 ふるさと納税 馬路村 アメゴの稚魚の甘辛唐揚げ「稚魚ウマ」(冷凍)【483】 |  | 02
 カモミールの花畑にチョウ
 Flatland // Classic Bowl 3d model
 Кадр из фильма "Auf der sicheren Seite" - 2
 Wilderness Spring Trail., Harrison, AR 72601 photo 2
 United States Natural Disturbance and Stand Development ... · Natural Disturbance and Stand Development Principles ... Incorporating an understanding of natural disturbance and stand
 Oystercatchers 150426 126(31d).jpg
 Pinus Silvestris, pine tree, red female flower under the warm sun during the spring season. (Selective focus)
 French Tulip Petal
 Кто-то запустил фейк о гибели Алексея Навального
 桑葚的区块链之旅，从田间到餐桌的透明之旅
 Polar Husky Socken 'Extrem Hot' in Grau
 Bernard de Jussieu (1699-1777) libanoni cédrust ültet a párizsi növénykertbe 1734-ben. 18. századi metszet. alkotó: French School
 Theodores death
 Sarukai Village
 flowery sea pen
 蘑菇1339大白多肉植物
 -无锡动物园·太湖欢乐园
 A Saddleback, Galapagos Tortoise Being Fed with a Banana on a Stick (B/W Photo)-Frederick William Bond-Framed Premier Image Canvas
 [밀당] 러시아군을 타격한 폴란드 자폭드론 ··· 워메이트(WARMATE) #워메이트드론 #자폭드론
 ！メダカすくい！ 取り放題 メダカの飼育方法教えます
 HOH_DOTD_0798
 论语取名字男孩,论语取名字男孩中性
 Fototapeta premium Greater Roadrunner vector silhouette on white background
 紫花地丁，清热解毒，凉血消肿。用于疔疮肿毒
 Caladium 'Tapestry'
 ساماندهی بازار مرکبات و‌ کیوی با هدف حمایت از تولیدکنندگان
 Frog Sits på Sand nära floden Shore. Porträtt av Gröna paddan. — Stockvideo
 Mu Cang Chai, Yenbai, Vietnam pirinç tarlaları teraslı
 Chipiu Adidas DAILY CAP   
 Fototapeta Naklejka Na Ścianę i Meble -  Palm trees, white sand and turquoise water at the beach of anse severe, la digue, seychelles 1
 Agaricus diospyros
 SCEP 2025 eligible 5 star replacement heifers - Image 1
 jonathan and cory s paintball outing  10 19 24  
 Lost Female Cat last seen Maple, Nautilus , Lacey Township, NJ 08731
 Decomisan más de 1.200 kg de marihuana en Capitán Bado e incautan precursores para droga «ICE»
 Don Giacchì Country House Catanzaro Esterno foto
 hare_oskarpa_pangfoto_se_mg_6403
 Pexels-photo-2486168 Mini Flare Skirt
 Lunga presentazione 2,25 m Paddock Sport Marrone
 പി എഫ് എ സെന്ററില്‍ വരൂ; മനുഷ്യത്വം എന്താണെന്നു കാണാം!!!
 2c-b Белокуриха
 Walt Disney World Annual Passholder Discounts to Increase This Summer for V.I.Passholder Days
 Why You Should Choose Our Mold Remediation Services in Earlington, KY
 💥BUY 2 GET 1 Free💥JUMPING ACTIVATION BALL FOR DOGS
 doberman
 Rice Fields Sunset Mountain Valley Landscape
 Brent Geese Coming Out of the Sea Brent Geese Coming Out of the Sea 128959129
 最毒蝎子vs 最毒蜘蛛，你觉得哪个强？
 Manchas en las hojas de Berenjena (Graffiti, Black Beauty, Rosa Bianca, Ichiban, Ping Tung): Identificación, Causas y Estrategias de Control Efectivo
=====
Copy the records above exactly, please, but only from the first line through the line containing "Polar Husky Socken 'Extrem Hot' in Grau".

_TASK RESULT_
 ふるさと納税 馬路村 アメゴの稚魚の甘辛唐揚げ「稚魚ウマ」(冷凍)【483】 |  | 02
 カモミールの花畑にチョウ
 Flatland // Classic Bowl 3d model
 Кадр из фильма "Auf der sicheren Seite" - 2
 Wilderness Spring Trail., Harrison, AR 72601 photo 2
 United States Natural Disturbance and Stand Development ... · Natural Disturbance and Stand Development Principles ... Incorporating an understanding of natural disturbance and stand
 Oystercatchers 150426 126(31d).jpg
 Pinus Silvestris, pine tree, red female flower under the warm sun during the spring season. (Selective focus)
 French Tulip Petal
 Кто-то запустил фейк о гибели Алексея Навального
 桑葚的区块链之旅，从田间到餐桌的透明之旅
 Polar Husky Socken 'Extrem Hot' in Grau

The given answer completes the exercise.